Spar has 3,726 stores, located across eight countries in which it has obtained name use licensing from Dutch retail company SPAR International. The former uses a mix of corporate-owned and franchise-owned models. Certain corporate stores are run continuously by Spar, while others are run by Spar only until they're handed over to franchisees. This strategy is used in all of Spar's countries of operation except England, where all its stores are corporate-owned.

The nonprofit SPAR Guild of Southern Africa manages the membership of retailers wanting to use the Spar brand. Once members, the retailers have access to Spar resources. Spar, for its part, sources produce from farmers, and supplies it to stores via warehouses, or via direct-to-store deliveries.

The company operates a total of 12 distribution centers, eight of which are located in Southern Africa.

Spar's store formats are as follows:
- SPAR (standard format stores)
- SPAR Gourmet (standard format, premium grocery segment stores)
- KWIKSPAR (small format stores)
- SUPERSPAR (large format stores)
- tops! at SPAR (dedicated liquor stores, as per SA law)
- SPAR express (convenience stores)

=== Pet Storey ===

Spar South Africa operates a chain of pet stores, under its Pet Storey brand. The subsidiary, founded in 2025, has a total of 22 locations across South Africa as of 2026.

== Sustainability ==

Spar's 2U home delivery service uses electric motorbikes and tricycles, reducing carbon emissions.

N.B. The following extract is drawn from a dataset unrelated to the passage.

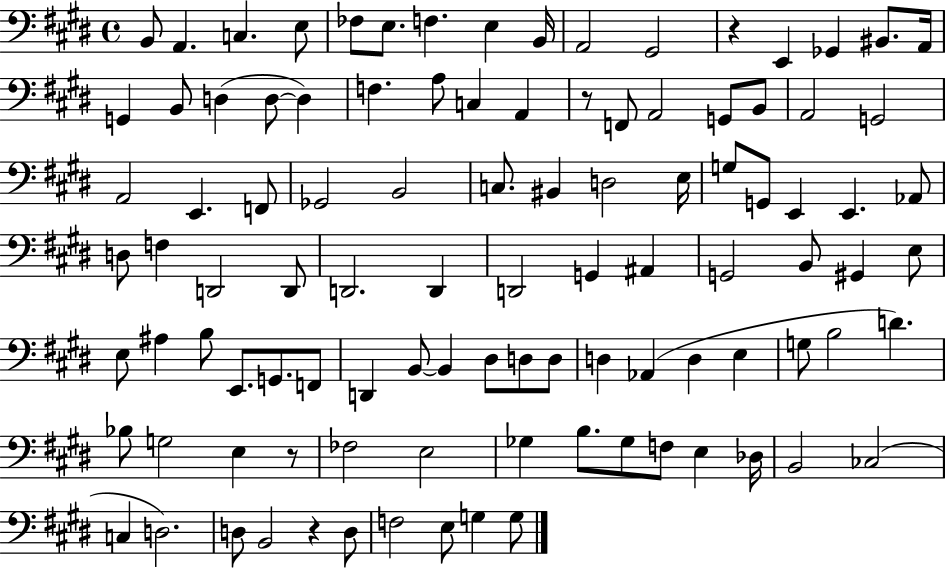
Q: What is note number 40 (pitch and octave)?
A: G3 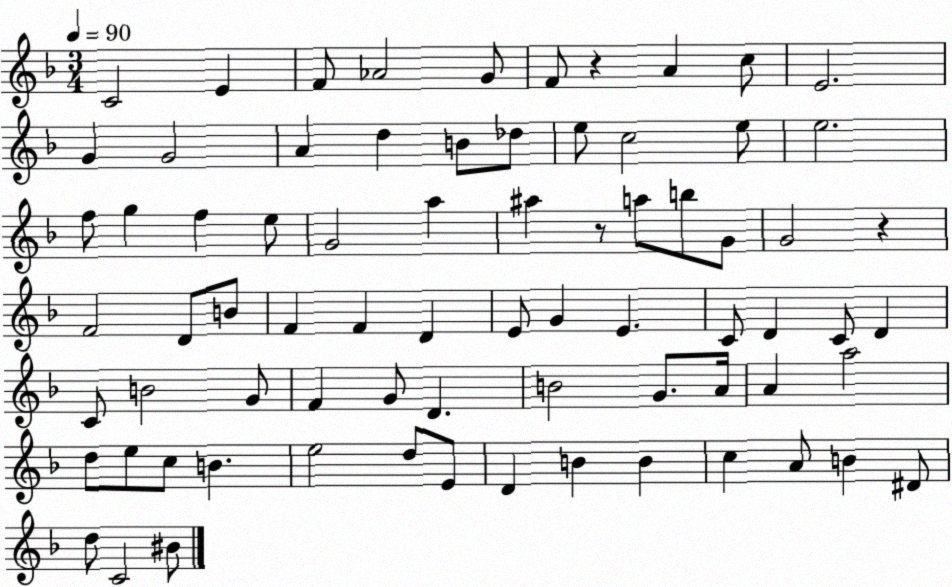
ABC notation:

The group's SPAR supplier development program is aimed at empowering small retail suppliers.

The group's distribution centers generated 9,761 MWh of power, and recycled over 19,000 tons of cardboard and over 2,300 tons of paper, in the 2024 financial year. In the same year, Spar spent a total of R20.3 million on CSR initiatives.

Through the SPAR Rural Hub program, the group aims to empower small-scale farmers, by providing them with resources, training, and access to markets.